I doubted the verity of that statement. Everyone? Really?? Is it possible every person I see on the street, from the darling old lady walking her dog to the mailman, has their secrets?
Of course, well-kept secrets are the plot of many a great book. Still, someone's life has to be a dull, secrecy-free void, doesn't it?
As it turns out, some of the most interesting secrets I've discovered lately were kept by my grandmother, AKA the adorable old lady walking her dog. My grandmother is in her late eighties and thinks she's sixteen. And sometimes, if you ask her again, she'll smile sweetly and hazard she might even be nineteen. Her senility combined with other health issues means she can no longer stay in her home.
The last two weekends my mother and I sorted through a lifetime of accumulation.
It turns out my grandmother kept a secret or two.
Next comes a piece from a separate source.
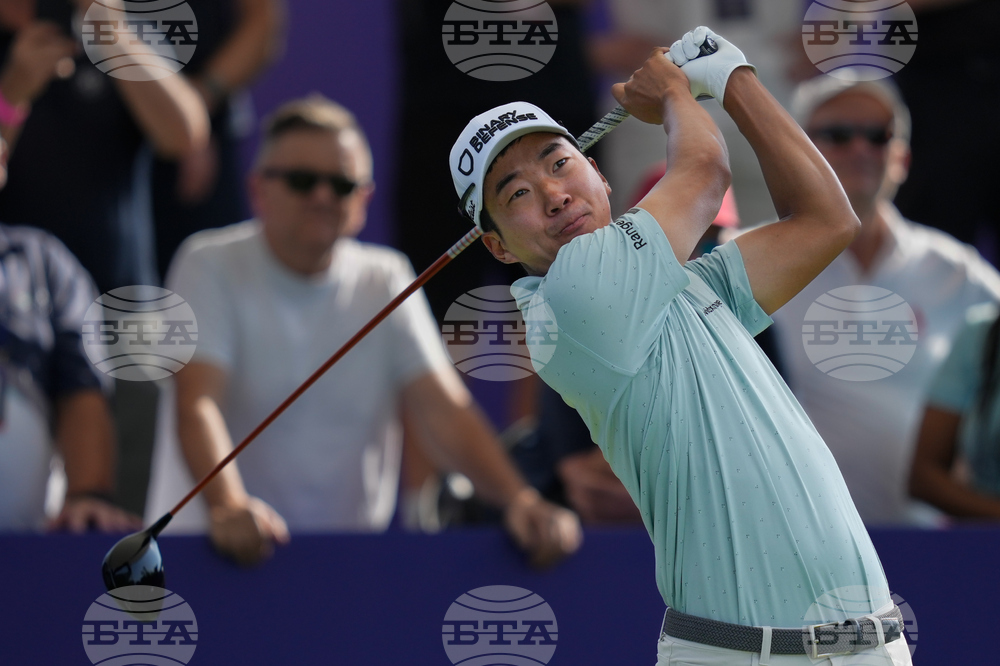 Emirates World Championship Golf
Nothing earthshattering. No illegitimate children or love affairs. Her secrets were in the form of sketchbooks and writing.
She loved fashion and had a gift for drawing. Who knew? Not me.
In an essay penned in neat cursive she writes
"At that time my husband left on Monday morning and usually came home on Thursday night. My infidelity began to be apparent in small ways. Namely, a small dog who visited daily, getting surreptitious bones and other tokens of my esteem via the back door. For some reason he considered the back door more appropriate for his station in life. Or quite possibly, this was all part of his attack and integration strategy."The essays and pictures make me wonder if she ever published anything. Of course, knowing my grandmother such publication, if it exists at all would be blanketed underneath an assumed name of appropriateness.
My grandmother's secrets make me want to be inappropriate, in all the best ways. No hiding emerging talent in private journals or dabbling around at this and that behind closed doors because I'm afraid of what the neighbors might think. I don't want my grandchildren or children to some day discover things I'd done and wish they'd known me better.
Of course, there's still time to ask my grandmother questions about her life. There are moments when she's lucid and knows my name, but even in those moments I'm not sure she'll open up. She's spent her life cultivating expertise in the art of the arm's length transaction. Which is why I've been thinking about how to frame my questions. But I'm starting to realize everything I want to know boils down to the same thing.
Did she want more out of life, and if so, what held her back?